La voz desconocida relataba los acontecimientos ocurridos siete meses después del último mensaje enviado a la Tierra. Un cuarto de siglo antes, al cruzar un cinturón de hielo cósmico en el límite del sistema de Vega, el Argos había sufrido una avería. Taponada la brecha abierta en la popa, la astronave continuó su viaje, pero el accidente había alterado el supersensible reglaje del campo de protección de los motores. Tras una lucha de veinte años, hubo que detenerlos. El Argos siguió volando por inercia, durante cinco años más, hasta que la inexactitud natural del curso la desvió. Entonces fue lanzado el primer mensaje. Se disponían a mandar el segundo cuando la nave cayó en el radio de acción del sistema de la estrella de hierro. Luego le ocurrió lo que a la Tantra, con la sola diferencia de que el Argos, privado de sus motores de marcha, no pudo reemprender el vuelo. Tampoco podía convertirse en satélite artificial del planeta, pues los motores planetarios de aceleración, situados en la parte de popa, estaban tan inservibles como los de anamesón. El Argos tomó tierra felizmente en la baja meseta costera. La tripulación acometió las tres tareas más apremiantes: reparar los motores — si era posible —, enviar un llamamiento a la Tierra, pidiendo socorro, y estudiar el planeta desconocido. Antes de que hubieran terminado el montaje de la torreta de lanzamiento del cohete, los exploradores empezaron a desaparecer misteriosamente. Los enviados para buscarlos no regresaron tampoco.

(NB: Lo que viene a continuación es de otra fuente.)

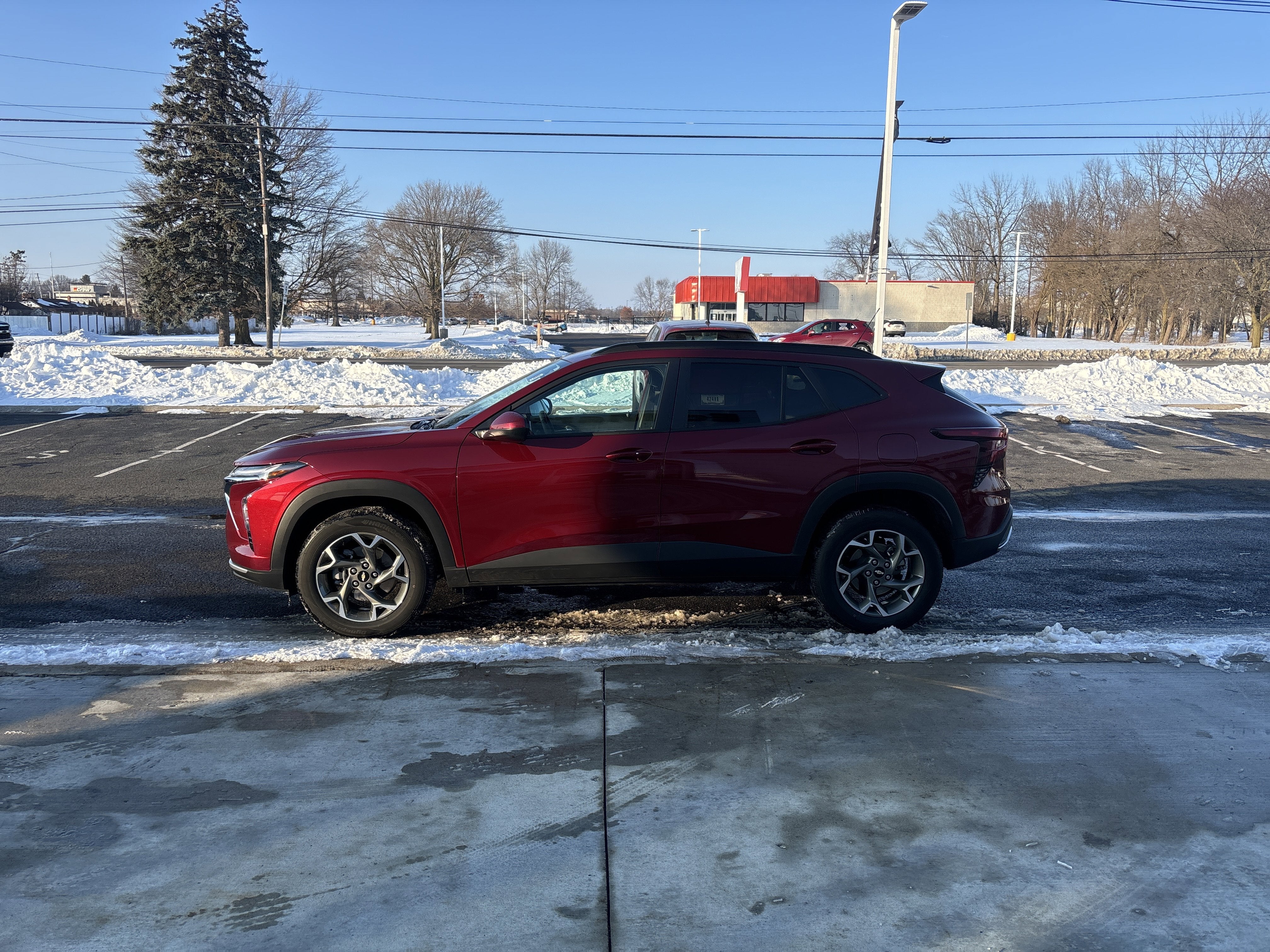2025 Chevrolet Trax LT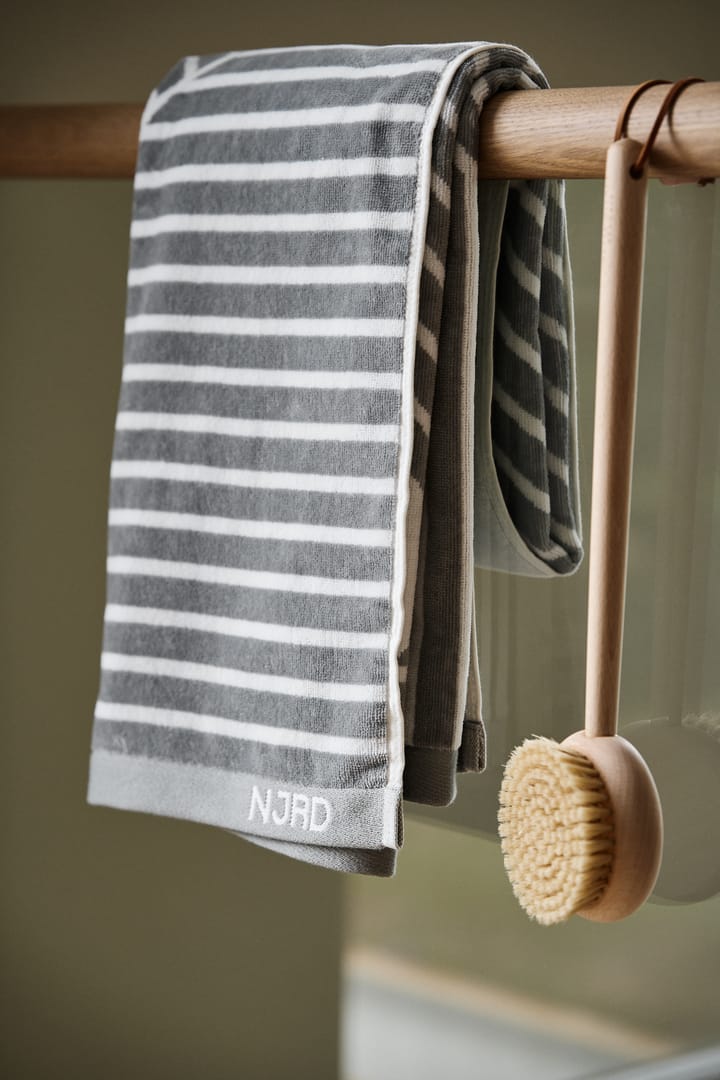 Stripes badehåndkl�æde 70x140 cm  - Grå - NJRD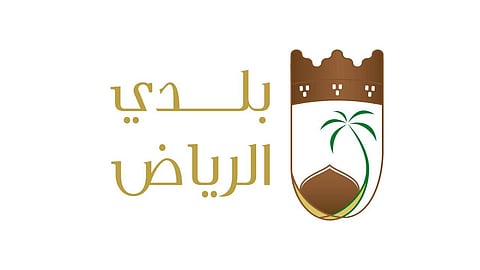 برج كهرباء يتوسط طريقًا بالرياض ويوقف استخدامه.. والشركة تضع حلًا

Entonces cesó la exploración del planeta; únicamente salían del Argos todos juntos, para ir a construir la torreta, y permanecían largo rato metidos en la hermética astronave durante los descansos de aquel trabajo, terriblemente agotador a causa de la fuerza de gravedad. En su afán de lanzar el cohete cuanto antes, ni siquiera empezaron a examinar otra astronave, cercana a la suya, que debía de encontrarse allí desde hacía mucho tiempo.

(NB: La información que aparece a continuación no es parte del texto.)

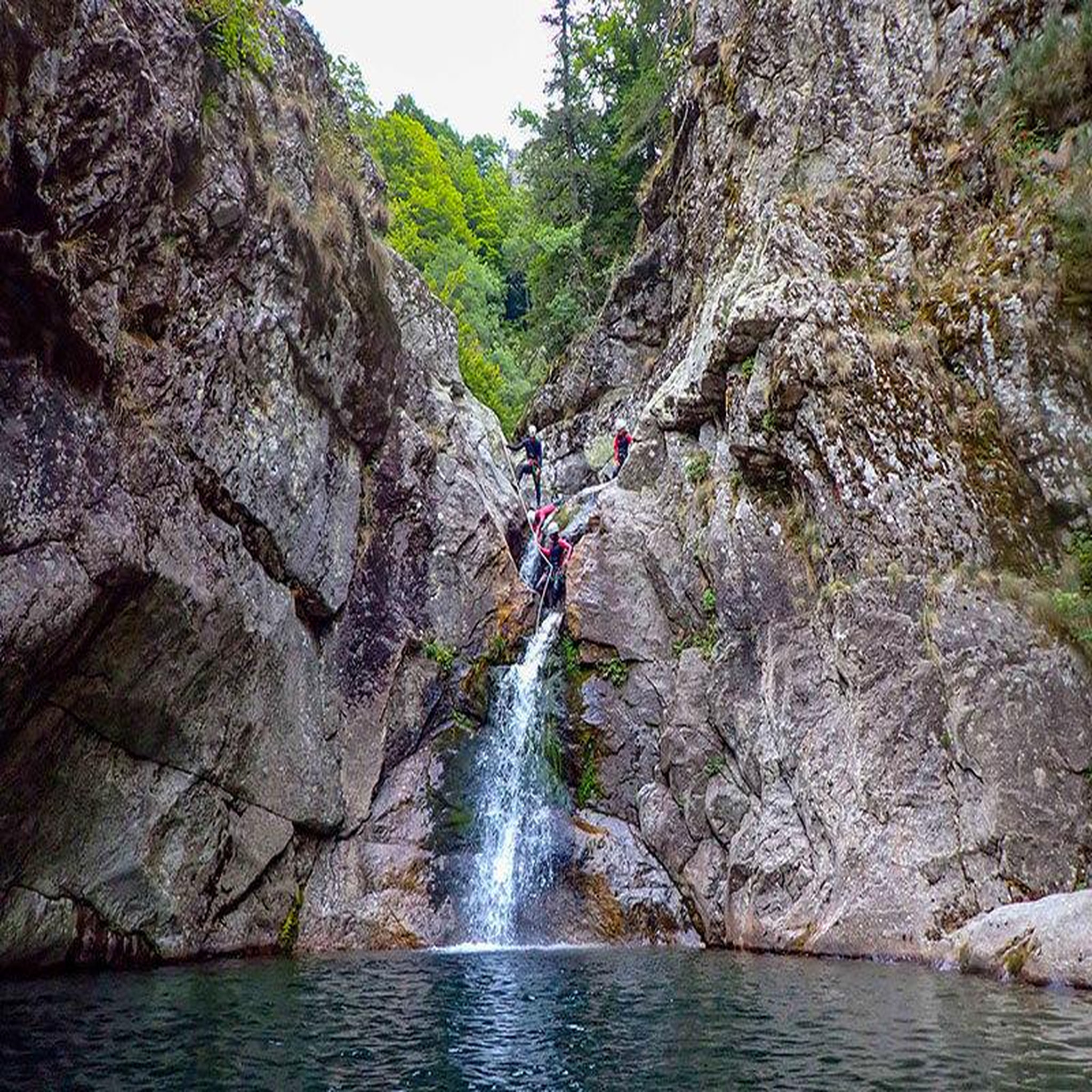 Voir la diapositive 4 : Smartbox Demi-journée de canyoning dans le parc naturel des monts d'ardèche pour 1 adulte et 1 enfant - coffret cadeau sport & aventure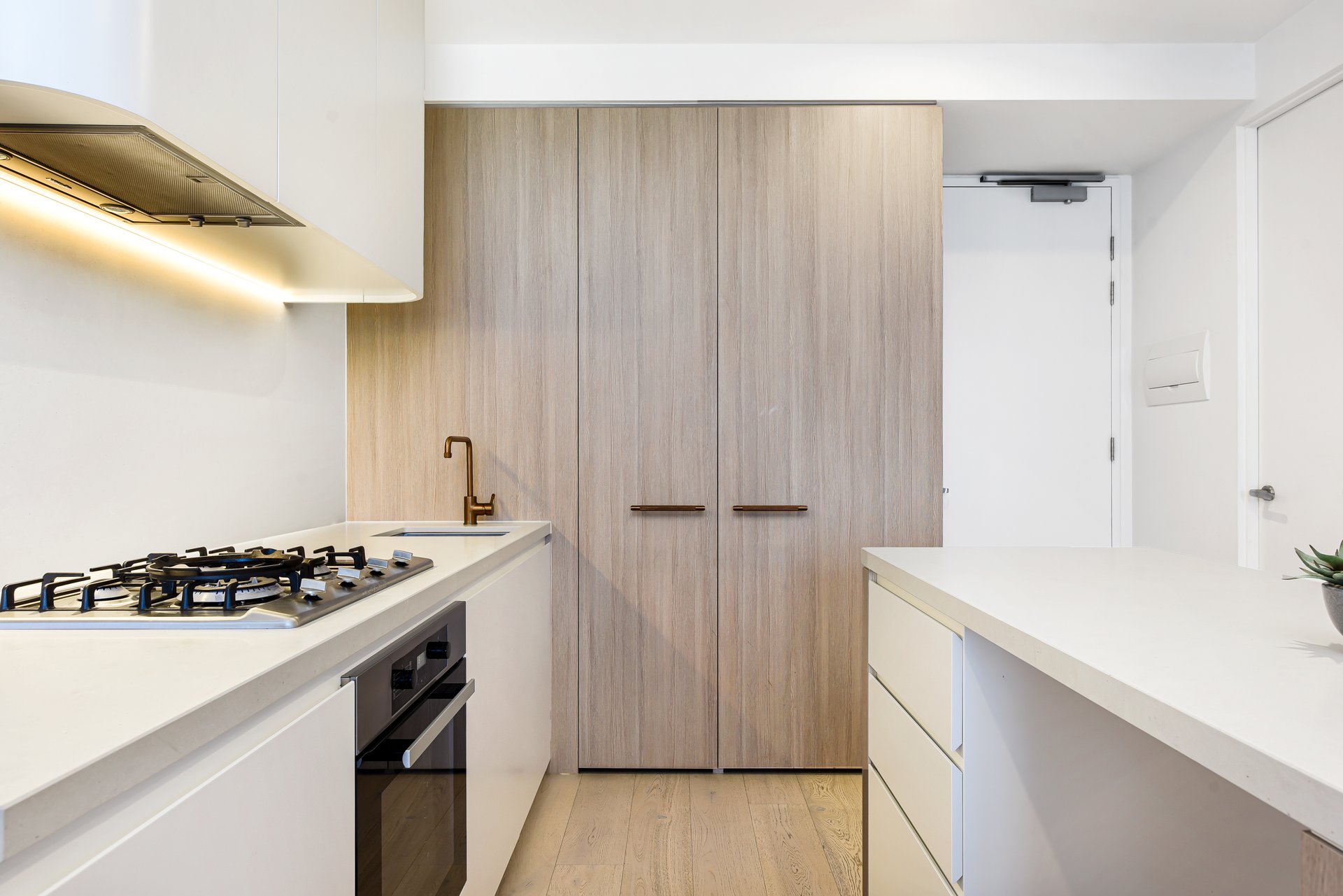 212/25 O'Sullivan Road, Glen Waverley image 3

« ¡El disco! », pasó fugaz por la mente de Niza. Sus ojos se encontraron con los del jefe, que, comprendiendo su pensamiento, asintió con la cabeza. De los catorce tripulantes del Argos, sólo ocho habían quedado con vida. Más adelante, en el diario hablado había una interrupción de tres días; después de ésta, lo reanudó una voz aguda de mujer joven:
« Hoy, día doce del séptimo mes del año trescientos veintitrés del Circuito, nosotros, los supervivientes, hemos terminado los preparativos para el lanzamiento del cohete-emisor.

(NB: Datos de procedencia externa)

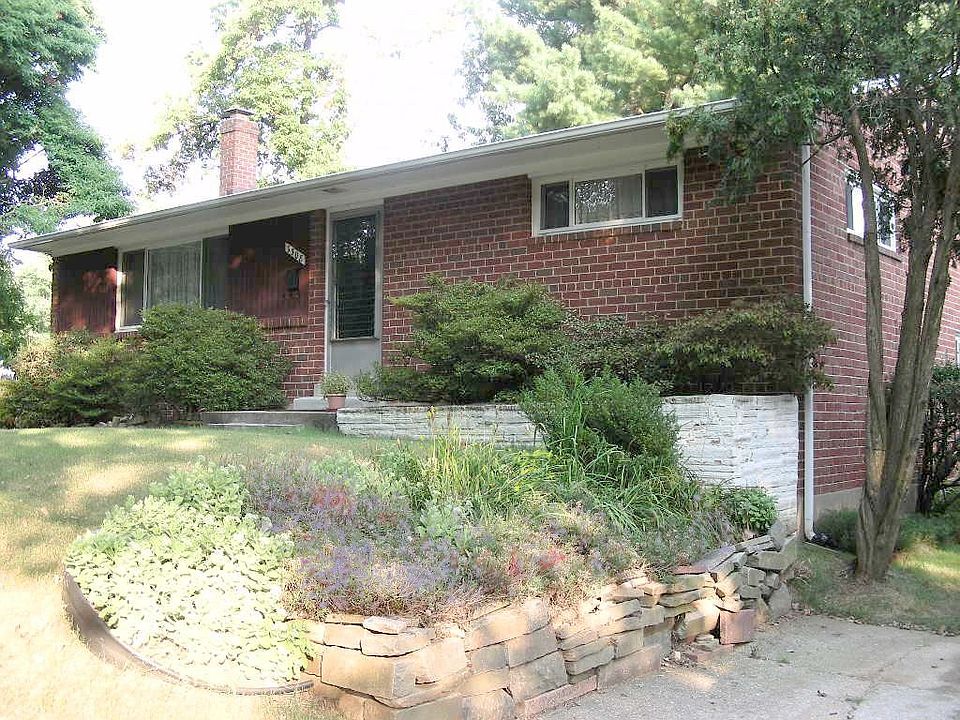 Front view w/driveway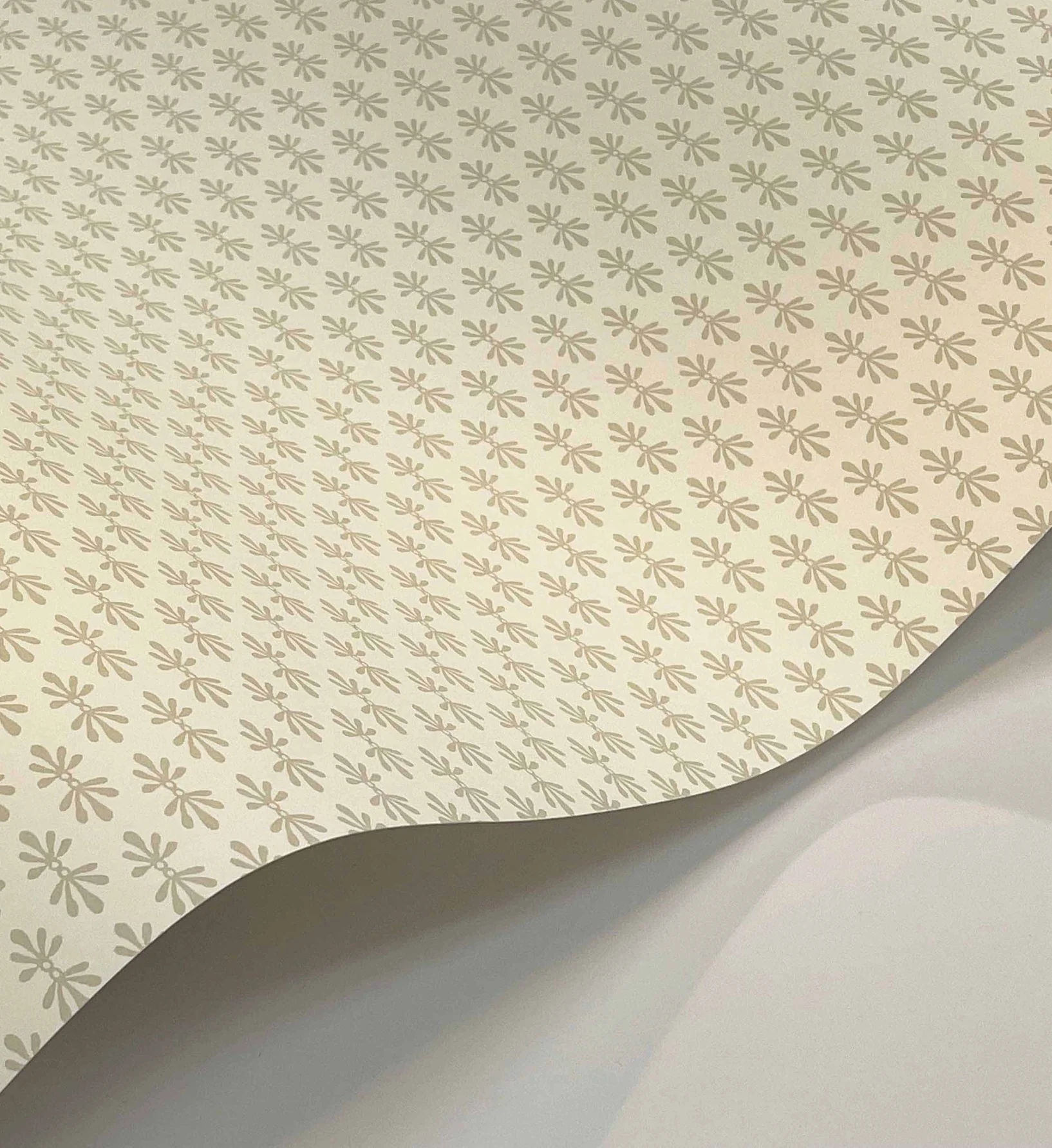 Petal Wallpaper - White & Linen - Image 3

Mañana, a esta misma hora… » Key Ber, instintivamente, miró a la graduación horaria al borde de la cinta, que iba devanándose: las cinco de la mañana, hora del Argos, pero ¿a qué hora de aquel planeta correspondería?…
« Enviaremos, siguiendo una trayectoria bien calculada… — la voz se cortó; luego, surgió de nuevo, más apagada y débil, como si la mujer se hubiera alejado del receptor —.
¡Conecto! ¡Otra vez!.. » El aparato calló, pero la cinta continuó devanándose. Los oyentes intercambiaron una mirada de ansiedad.
— ¡Algo ha ocurrido!.. — exclamó Ingrid Ditra.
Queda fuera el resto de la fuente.